Figure 3: (a) Introduction vs. full content top 3 (b) Introduction vs. full content top 5

The fourth ranking was produced by examining the content of the literature review sections of the cited and citing paper pairs. The cumulative F-measures for the literature section similarity-based ranking were 0.59 for the top 3 documents and 0.62 for the top 5 documents, respectively. Recall that the cumulative F-measures for the full-content similarity-based ranking were 0.63 and 0.65, respectively. The results are shown in Figs. 4a and 4b. This result clearly shows that full-content similarity-based ranking outperforms literature-section similarity-based ranking. This is because the literature review section contains very generic terms to explain others’ work. Every author has a unique way of writing the literature review section by explaining existing approaches in the respective research areas and critical analyzing the literature. Therefore, the literature review section is not significant for identifying contextual similarities between cited and citing pairs.


Figure 4: (a) Literature vs. full content top 3 (b) Literature vs. full content top 5

The fifth ranking was achieved by examining the content of the methodology sections of both cited and citing papers. The cumulative F-measures for the methodology-section similarity-based ranking were 0.72 for the top 3 and 0.66 for the top 5 documents, respectively. Recall that the cumulative F-measures for the full-content similarity-based ranking were 0.63 and 0.65, respectively. The results are represented in Figs. 5a and 5b. This results clearly show that methodology-section similarity-based ranking outperforms full-content similarity-based ranking. The results demonstrate the expressive power of the cited paper’s methodology section to identify important citations from the list of citing papers. The methodology section presents the study conceptualization of both papers, which involves the use of similar domain-related terms. Nevertheless, while the results for the methodology section were good, the results for the abstract were even better.


Figure 5: (a) Methodology vs. full content top 3 (b) Methodology vs. full content top 5

The sixth and final ranking proposed in this research is depicted in Figs. 6a and 6b. This ranking was achieved by comparing the content of the results sections of both papers. The cumulative F-measures for the results-section similarity-based ranking were 0.64 for the top 3 and 0.63 for the top 5 documents, respectively.


Figure 6: (a) Results vs. full content top 3 (b) Results vs. full content top 5

Recall that the cumulative F-measures for the full-content similarity-based ranking were 0.63 and 0.65, respectively. This result clearly shows that results-section similarity-based ranking and full-content similarity-based ranking are approximately equal. The results section is also an important section of a research paper, as it reports the important findings of both cited and citing papers. The results section similarity was found to be significant when: (1) both papers address the same topic and use a common vocabulary of terms for the specific domain, (2) both papers use the same dataset, (3) both papers apply similar evaluation metrics, and (4) both papers compare their results with the same/similar research papers.
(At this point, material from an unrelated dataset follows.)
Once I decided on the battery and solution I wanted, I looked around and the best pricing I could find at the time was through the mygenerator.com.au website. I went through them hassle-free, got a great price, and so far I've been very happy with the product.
This section has reported the results of the six proposed rankings. The full-content-based ranking was adapted from the domain of identifying relevant research papers [30,37]. Furthermore, this research proposed the novel approach of section-based similarity. Five further rankings could be calculated when applying this proposed approach. The content of the five major sections of research papers, namely abstract, introduction, literature review, methodology, and results, were systematically compared. The results indicate that examining content alone makes it possible to identify important citations for the cited paper from the list of citing papers. Furthermore, the abstract, methodology, and results sections achieved similar or better results compared to the full content of research papers. Specifically, the abstract section outperformed the full content of research papers. Therefore, we conclude that papers’ abstracts should be used to compute content-based similarity for two reasons: (1) better performance compared to the full-content approach, and (2) abstracts are normally freely available.
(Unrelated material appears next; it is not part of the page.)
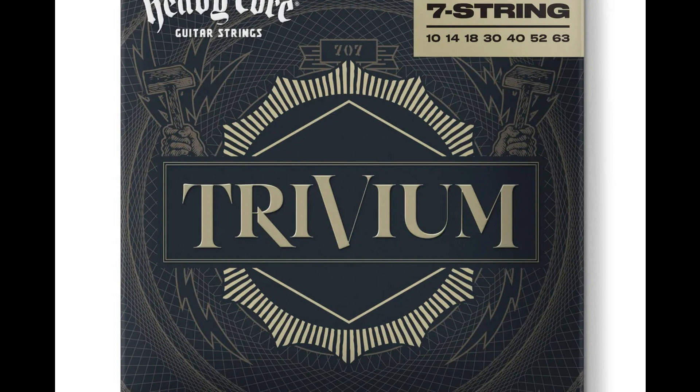Dunlop and Trivium unveil heavy core strings. Welcome to Music Gears, where we bring you the latest info on new music instruments, software, and other gear from around the world.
Figs. 26 present the results of the five proposed rankings based on comparing individual paper sections. Fig. 7 compares the results of six proposed ranking approaches. The complete content achieved the highest precision of 0.68; however, the abstract alone achieved a very close precision score of 0.66. Furthermore, the abstract alone was able to achieve a very high recall value of 0.94, second only to the methodology section. Due to this high recall, the abstract outperformed all other approaches in terms of F-measures. Therefore, out of the five proposed section-wise rankings, the abstract section was selected to be compared to existing state-of-the-art approaches in the following sections.


Figure 7: Comparison of the six proposed rankings

4.2 Comparison to State-of-the-Art Approaches

The previous section proposed six new rankings for identifying important citations for cited papers from the list of citing papers. Comparing abstracts was identified as the best ranking technique based on a critical analysis of the results for all six rankings. This section, in turn, compares the results of the best proposed ranking to the best parameter rankings achieved by current state-of-the-art approaches. Comparisons of precision and recall are depicted in Figs. 8 and 9, respectively.


Figure 8: Comparing the precision of the proposed approaches with state-of-the-art rankings


Figure 9: Comparing the recall of the proposed approaches with state-of-the-art rankings

The proposed approach was compared to the following state-of-the-art approaches. The first approach was presented by Valenzuela et al. [16], who conducted the pioneering work in this area and have made their dataset freely available online. This is the same dataset used by the proposed approach and the other approaches represented in Figs. 7 and 8. Valenzuela et al. [16] tested 12 features as identifiers of important citations for the cited papers, with the in-text citation-based feature producing the best results.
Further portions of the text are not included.